Work to complete: The reply should contain all the data below, repeated exactly, and none of the images.

The data:
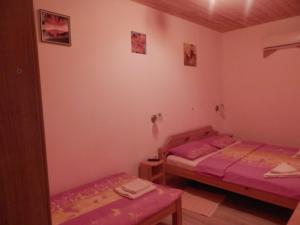 Postel nebo postele na pokoji v ubytování Guesthouse Matija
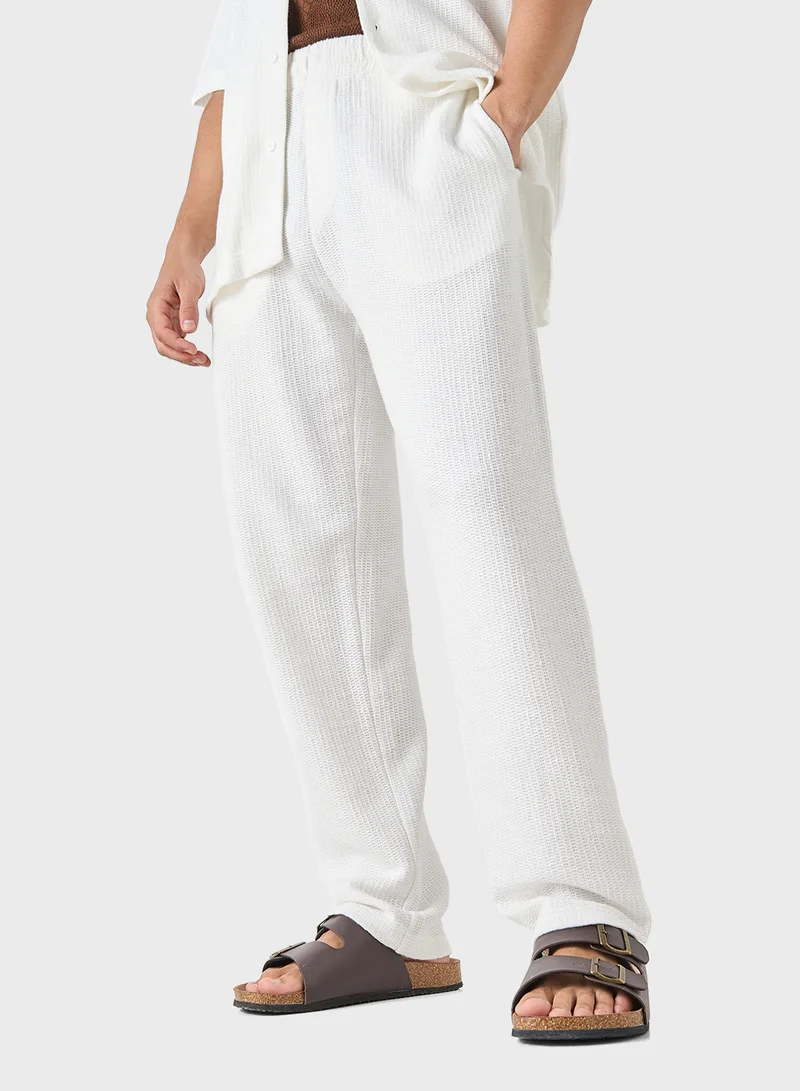 ايكونيك Iconic Regular Fit Textured Trousers with Pockets
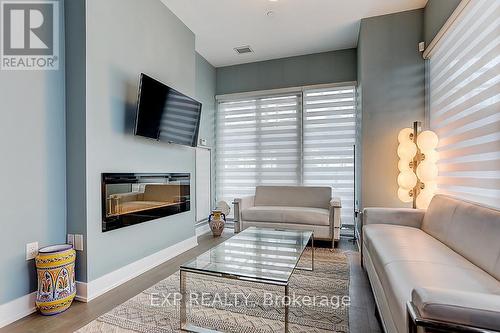 602 - 20 Shore Breeze Drive, Toronto, ON - Indoor Photo Showing Living Room With Fireplace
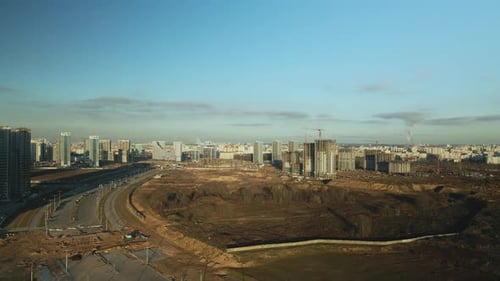 Aerial View of City Under Construction on Sunny Day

Response to this task:
 Postel nebo postele na pokoji v ubytování Guesthouse Matija
 ايكونيك Iconic Regular Fit Textured Trousers with Pockets
 602 - 20 Shore Breeze Drive, Toronto, ON - Indoor Photo Showing Living Room With Fireplace
 Aerial View of City Under Construction on Sunny Day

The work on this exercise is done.